Jean-Baptiste Clais : J’ai suivi le cursus de l’École du Louvre en option « ethnologie », puis en muséologie avec un double cursus en ethnologie à l’université Paris V. Je travaillais sur des sujets relevant de la culture populaire contemporaine, qui a depuis les années 1980 une composante japonaise extrêmement marquée. C’est par là que l’un de mes goûts pour l’Asie est né. Lorsque je suis devenu conservateur, il n’y avait pas de poste ouvert en ethnologie. J’ai donc intégré le département des arts de l’Islam du Louvre afin de prendre en charge la collection d’armes. Les armes du département étant essentiellement des armes mogholes, la collection indienne a été ajoutée à mes missions. Après plusieurs années sur ce poste, j’ai eu l’occasion d’aller travailler sur les arts décoratifs de la Chine au musée Guimet.
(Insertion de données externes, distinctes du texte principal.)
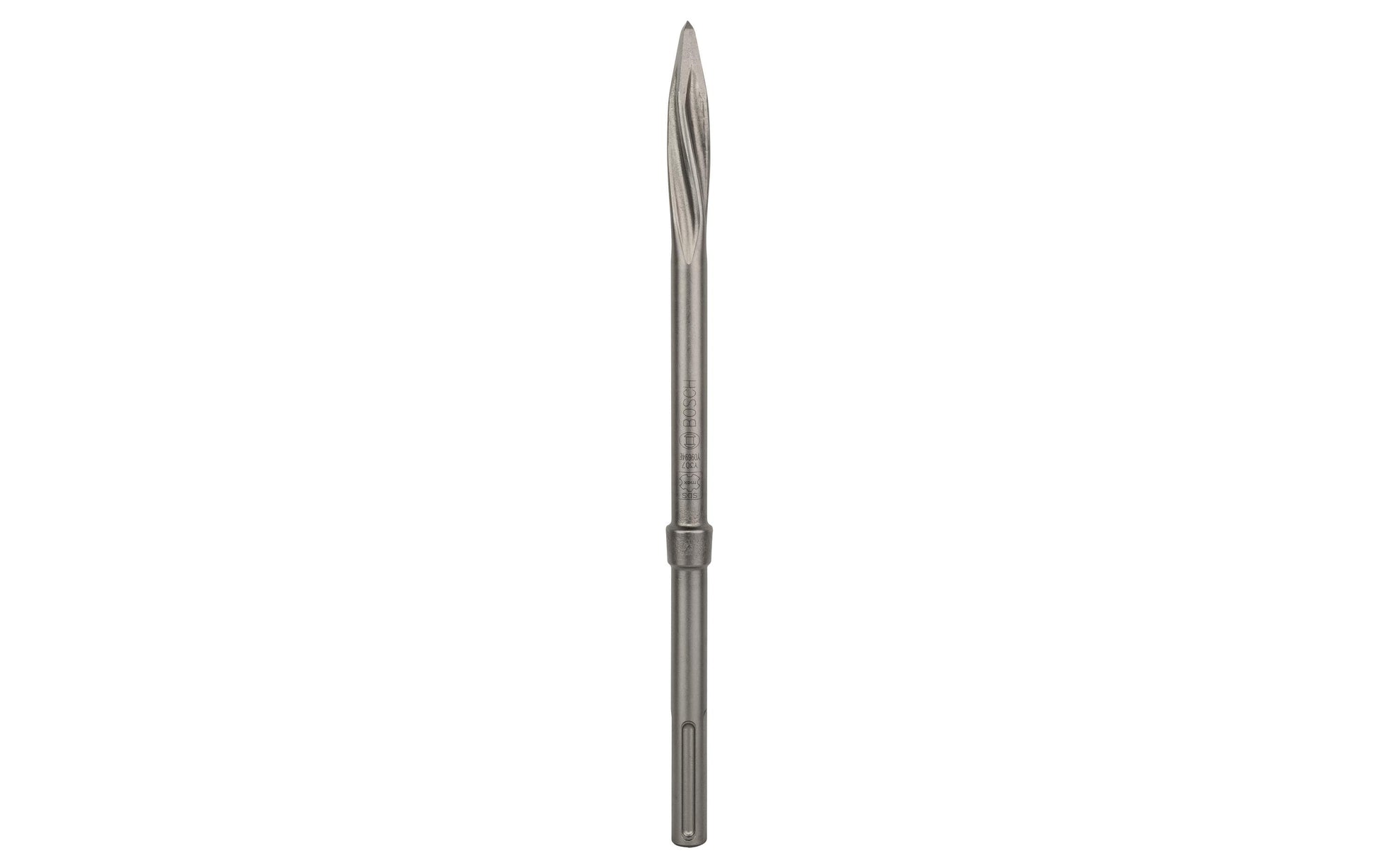 Bosch Professioneller Spitzmeissel 400 mm SDS Max – RTec Speed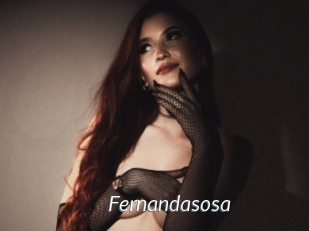 Fernandasosa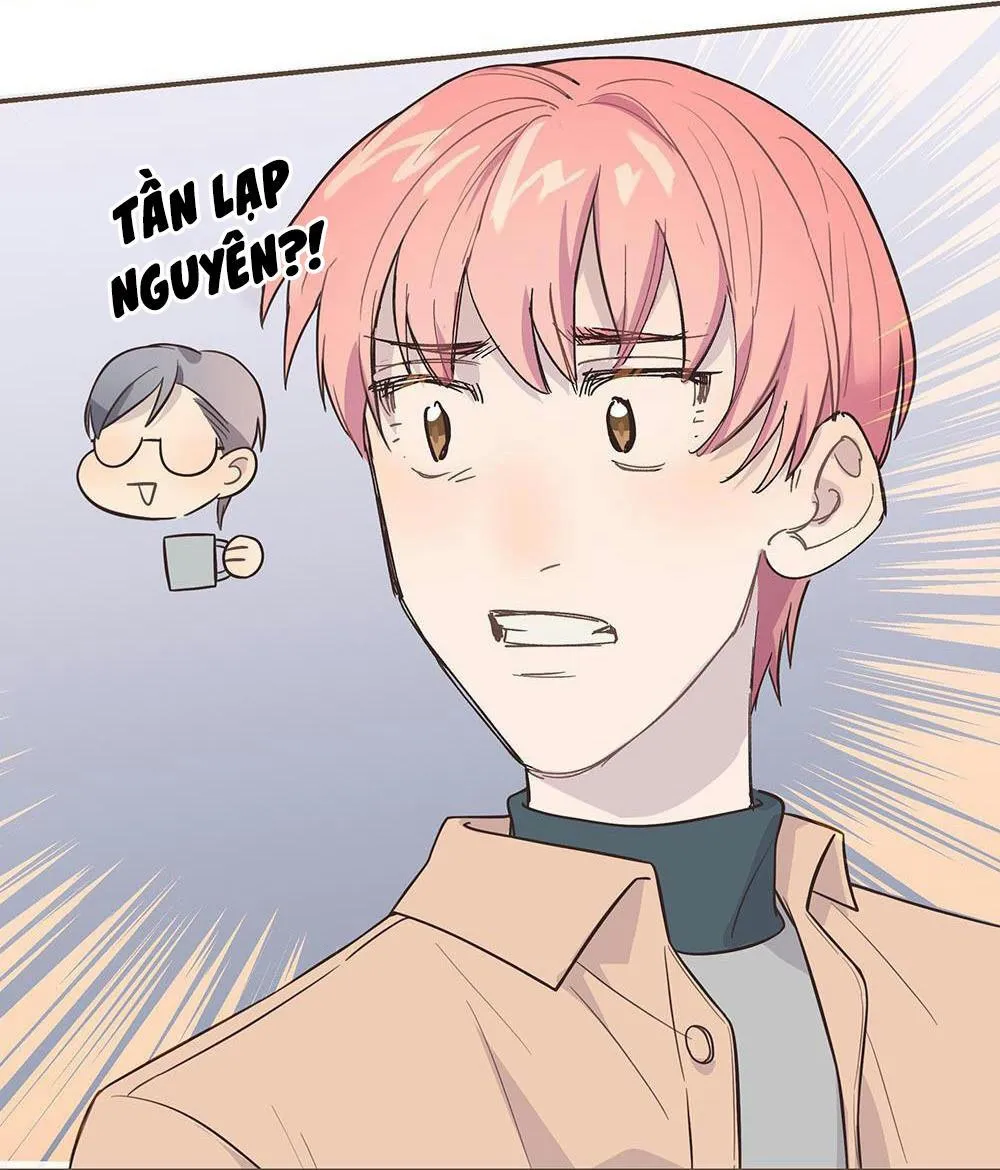 Pavlov’s Dog Chapter 6 Trang 30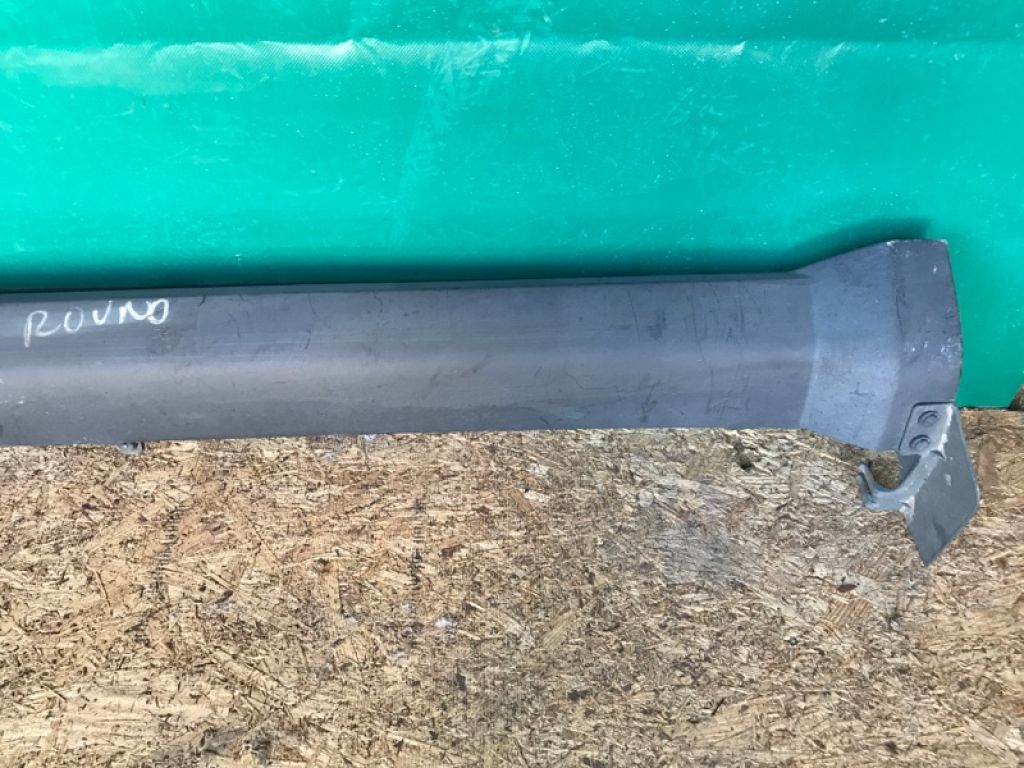 5178149AF | Накладка порога наружная лев. DODGE JOURNEY 08-20 - Фото 4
Puis s’est présentée la possibilité de revenir au Louvre, pour travailler sur l’innovation numérique au sein de la direction de la recherche et des collections. Le but était de créer de nouveaux outils pour la recherche en histoire de l’art. Après trois ans, je suis allé travailler sur la petite, mais très intéressante collection orientale d’Eugène Delacroix au musée Delacroix, qui dépend du Louvre. Je suis enfin venu rejoindre mon poste actuel au département des objets d’art pour m’occuper des collections asiatiques, des porcelaines européennes ainsi que des objets asiatiques montés.
Nos collections asiatiques sont pour l’essentiel inédites et l’influence asiatique sur les œuvres européennes du département n’avait pas fait l’objet d’une analyse poussée jusqu’à présent. Avec le tournant de l’histoire globale / histoire connectée, pour un département de référence sur les arts décoratifs du 18e siècle, le sujet des rapports avec l’Asie est devenu incontournable au cours des dernières décennies. Mon poste me permet de mettre à profit mes connaissances sur l’Asie pour porter cette réflexion autour de nos collections.
M.D. : Pourriez-vous nous décrire la collection asiatique du Louvre ? Qu’est-ce qui fait son importance ?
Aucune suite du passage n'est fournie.